Par de telles opérations, les bouddhistes engagés veulent montrer qu’une approche traditionnelle est dépassée et que le bouddhisme se doit de trouver des réponses appropriées aux problèmes contemporains. Quoi que nous fassions, nous sommes impliqués dans la mondialisation et dans la globalisation des économies. Comment respecter le précepte de ne pas tuer lorsque nos impôts contribuent également au budget de la défense ? Comment respecter le précepte ne pas voler lorsqu’en achetant des produits de consommation nous contribuons à l’exploitation du tiers-monde ? Pour un Sulak Sivaraksa, la simple participation à la société de consommation viole tous les principes éthiques (voir ci-dessous). La souffrance, problème essentiel du bouddhisme, acquiert une nouvelle dimension dans nos sociétés. Une pensée bouddhiste doit donc désormais inclure une réflexion sur notre implication dans le monde, nos relations avec l’État, les entreprises ou les multinationales. Pour les bouddhistes engagés, l’action est également nécessaire afin de modifier les rapports de forces entre les individus et les acteurs sociaux. Le respect, la non-violence, la compassion sont les leitmotivs de ces nouveaux artisans de la paix. Changeront-ils le monde ? En tout cas ils ont promis d’œuvrer, selon le vœu bouddhiste, « tant qu’il y aura des êtres à sauver ».
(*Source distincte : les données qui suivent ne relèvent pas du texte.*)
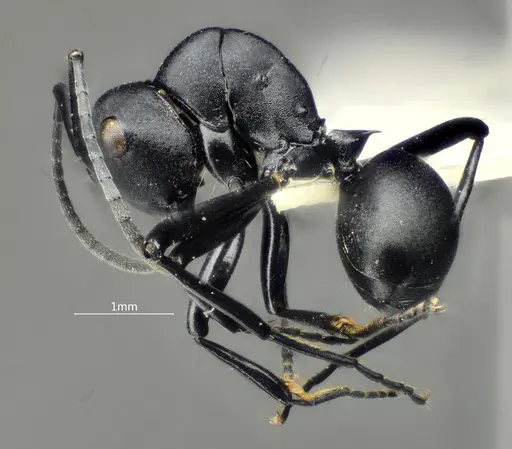 Polyrhachis brevicorpa specimen ANTWEB1060617 image antweb1060617_4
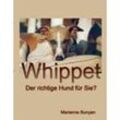 Whippet - Marianne Bunyan, Kartoniert (TB)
Éric Rommeluère (1999, 2014).
« En rendant le bouddhisme plus proche du monde contemporain, il ne s’agit en aucun cas d’oublier l’essentiel, notamment les principes éthiques. Il faut simplement leur redonner un sens dans les sociétés où nous vivons. Dans les sociétés agraires où le bouddhisme s’est développé, les choses étaient plus simples… On pouvait dire « je ne tue pas, je ne vole pas, je ne commets pas l’adultère, je ne mens pas. Je suis quelqu’un de bien » mais avec la complexification grandissante de nos sociétés, ça ne marche plus comme ça! (…) S’abstenir de tuer tout être vivant n’est plus aussi simple. Nous devons nous interroger : Pouvons nous admettre que nos impôts servent à l’armement ? Devons nous élever des animaux pour les tuer ? Concernant le deuxième précepte, ne pas voler, il faut aussi s’interroger : même si nous ne dérobons rien directement, pouvons-nous accepter de voir les pays riches exploiter les pays pauvres via le système bancaire international et l’ordre économique mondial ? En fait, participer à tout le système de consommation c’est déjà risquer à chaque instant de violer les trois premiers préceptes! Quant au quatrième, s’abstenir de paroles mensongères ou incorrectes, c’est particulièrement difficile dans un monde fondé sur la communication publicitaire et la propagande politique… En fait la souffrance, qui, certes, pouvait être souvent effrayante au temps du Bouddha, était pourtant plus simple à comprendre. L’interdépendance entre les phénomènes est devenue une chose très complexe… Si nous n’adaptons pas la sagesse bouddhiste à la compréhension de la réalité sociale et à la recherche d’une réponse aux questions qu’elle pose, alors le bouddhisme risque de n’être qu’une sorte d’échappatoire aux problèmes de ce monde, à l’usage des classes moyennes. »
Extraits d’une interview de Sulak Sivaraksa parue dans le magazine américain Turning Wheel (1994, traduction française Jean-Paul Ribes).